The study had two primary endpoints, or measures that researchers determined before the trial started to determine whether the trial treatment worked better than standard treatment:
- Pathological complete response rate measures how many people had no sign of cancer when they had surgery after being treated with medicine.
- Event-free survival is how long people went, on average, without cancer returning, another cancer developing, or dying from any cause.
The study’s primary goals were to determine if the addition of pembrolizumab to standard chemotherapy improved these measures in a way that was meaningful to treatment and not the result of chance.
The first report of the study, presented at the European Society for Medical Oncology Congress in 2019, found that treatment with pembrolizumab led to higher rates of pathological complete response. But the results at that time had not yet proven a difference in event-free survival.
In July 2021, Merck announced that it had updated findings from KEYNOTE-522 that found the trial had now met both of its primary endpoints.
The updated findings showed that fewer people in the pembrolizumab group had cancer return, progress, or develop after being assigned to treatment. After being followed for 3 years:
- 84.5 percent of people given pembrolizumab had no cancer event
- 76.8 percent of people in the placebo group had no cancer event
The findings were statistically significant, meaning they were not likely the result of chance.

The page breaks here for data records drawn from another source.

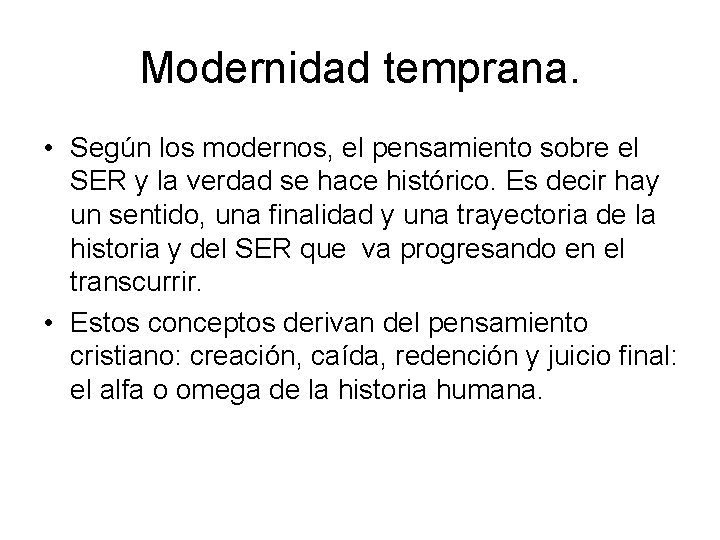 Modernidad temprana. • Según los modernos, el pensamiento sobre el SER y la verdad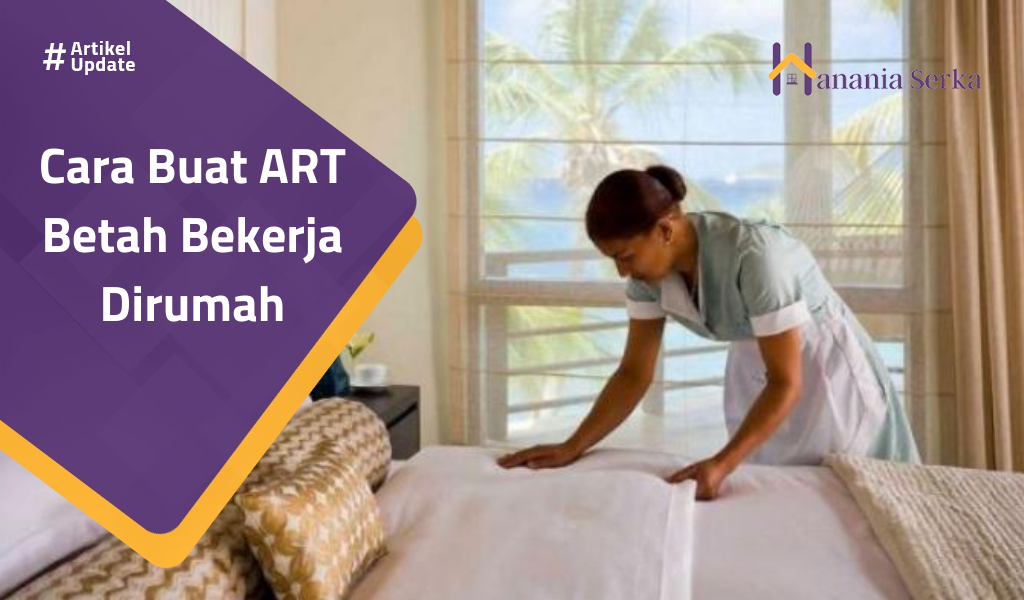 You are currently viewing Cara Buat ART Betah Bekerja Dirumah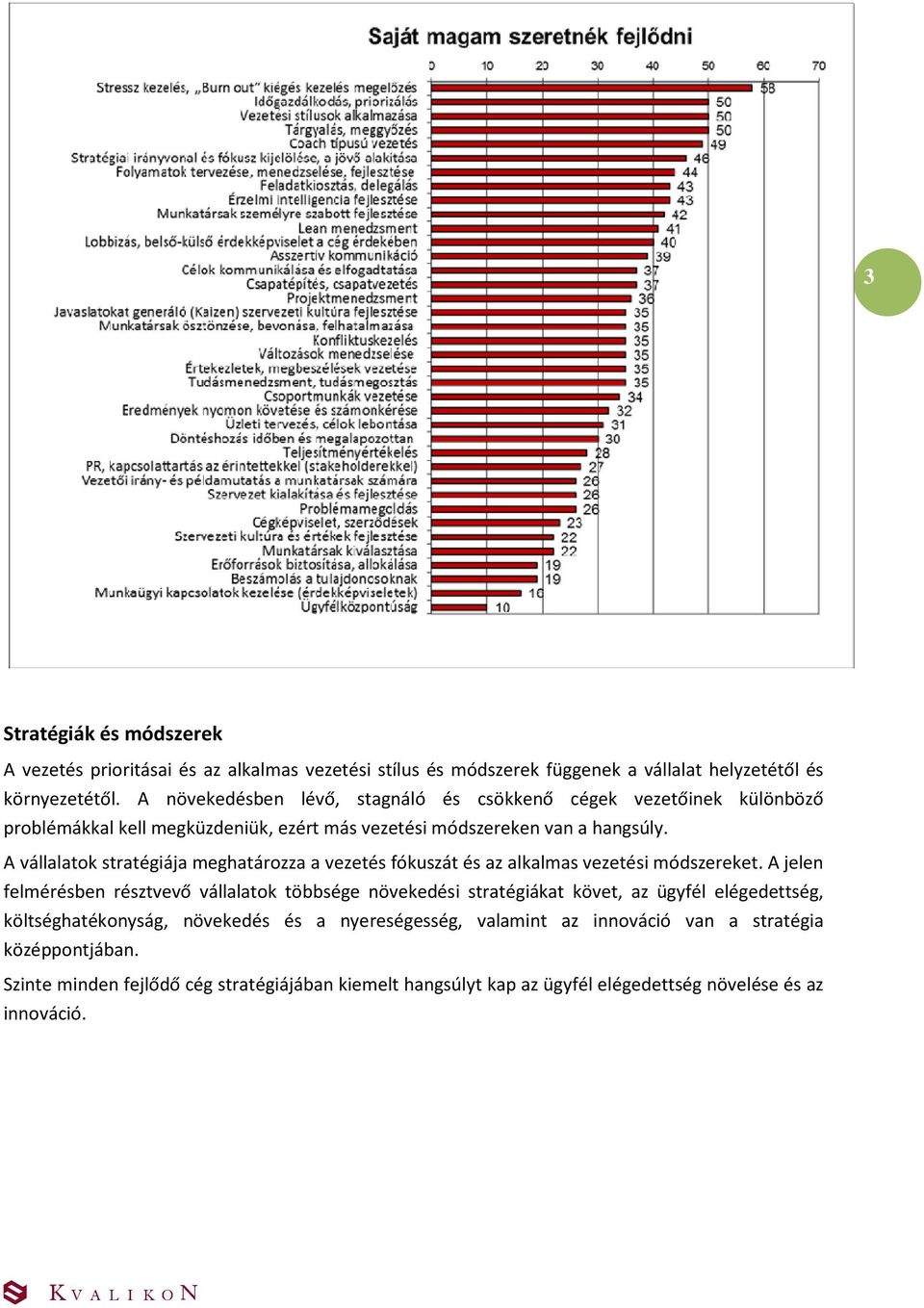 A vállalatok stratégiája meghatározza a vezetés fókuszát és az alkalmas vezetési módszereket.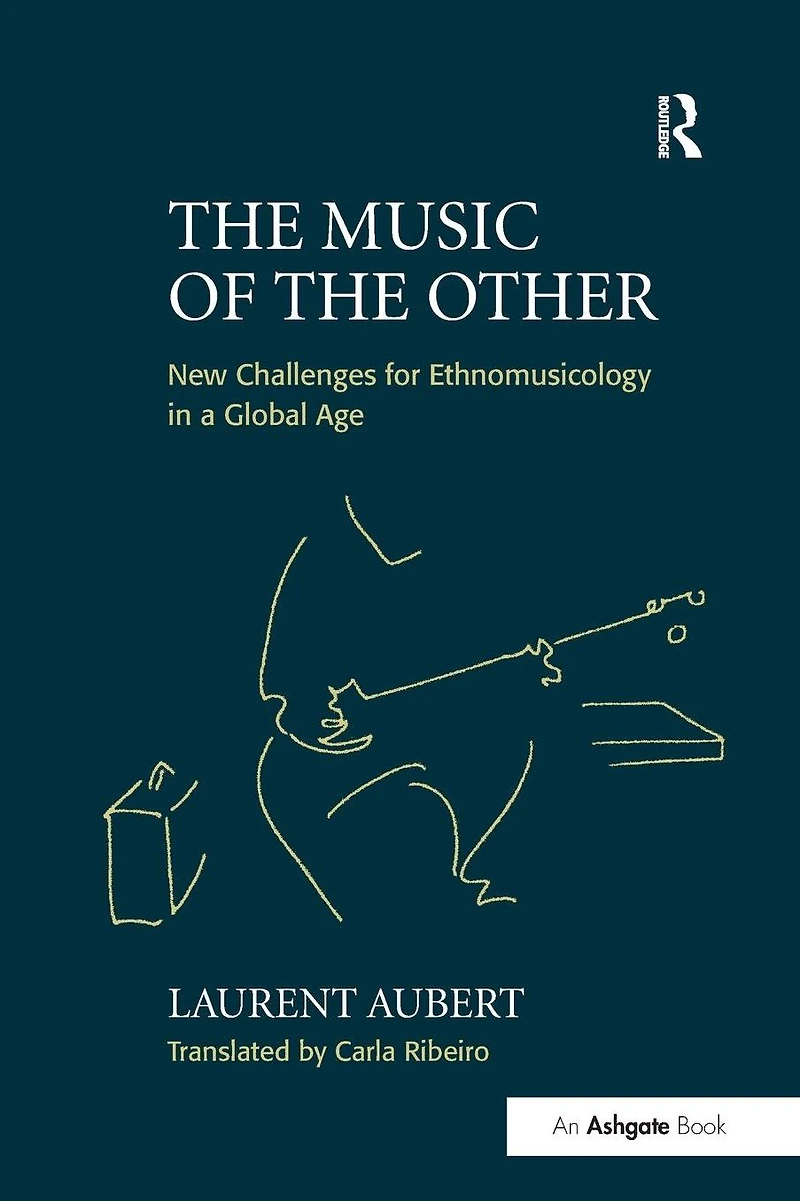 the Music of Other: New Challenges for Ethnomusicology a Global Age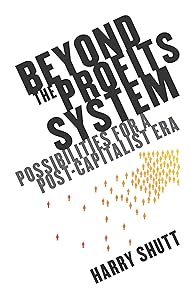 Beyond the Profits System: Possibilities for a Post-Capitalist Era by Harry Shutt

The update showed also that people given pembrolizumab were still more likely to have a pathological complete response — meaning there was no remaining cancer found when they had surgery. At the time of surgery:
- 63 percent of people given pembrolizumab had no sign of cancer.
- 55.6 percent of people in the placebo group had no sign of cancer.
Researchers reported that side effects were what they had expected based on earlier studies, and the most common ones were driven by chemotherapy. Some notable side effects in the pembrolizumab group required medical attention, including febrile neutropenia, a condition that includes fever and very low levels of white blood cells that are needed to fight infections that was seen in 15 percent of people given pembrolizumab. They also reported fevers from other causes in 37 percent of the group.
Treatment was stopped in 20 percent of people, the most common reasons were rashes and high levels of certain enzymes in the liver.
Based on these updated results, the FDA approved pembrolizumab for use in early-stage, triple-negative breast cancer on July 26.
What this means for you
People with triple-negative breast cancer have not benefitted from the same advances in targeted therapy that have changed treatment in other breast cancer subtypes. The approval of pembrolizumab marks an important step toward more effective treatment for this diagnosis.
“Even when diagnosed early and treated aggressively, one-third of patients diagnosed with triple-negative breast cancer experience a recurrence,” says Rita Nanda, MD, associate professor of medicine and director of the breast oncology program at The University of Chicago. “The approval of pembrolizumab for high-risk, early-stage, triple-negative breast cancer is a big step forward in improving outcomes for those diagnosed with this aggressive form of breast cancer. The findings from the KEYNOTE-522 trial are exciting and practice changing.”
It’s important to remember that pembrolizumab is not for everyone with triple-negative breast cancer. This study looked at some very specific groups of people and described what it means to be at higher risk. If there is a low chance of cancer returning, based on the size and extent of the cancer, adding pembrolizumab has not been shown to affect your risk for recurrence. It’s OK to ask your healthcare team to explain why they do or do not recommend a treatment for you.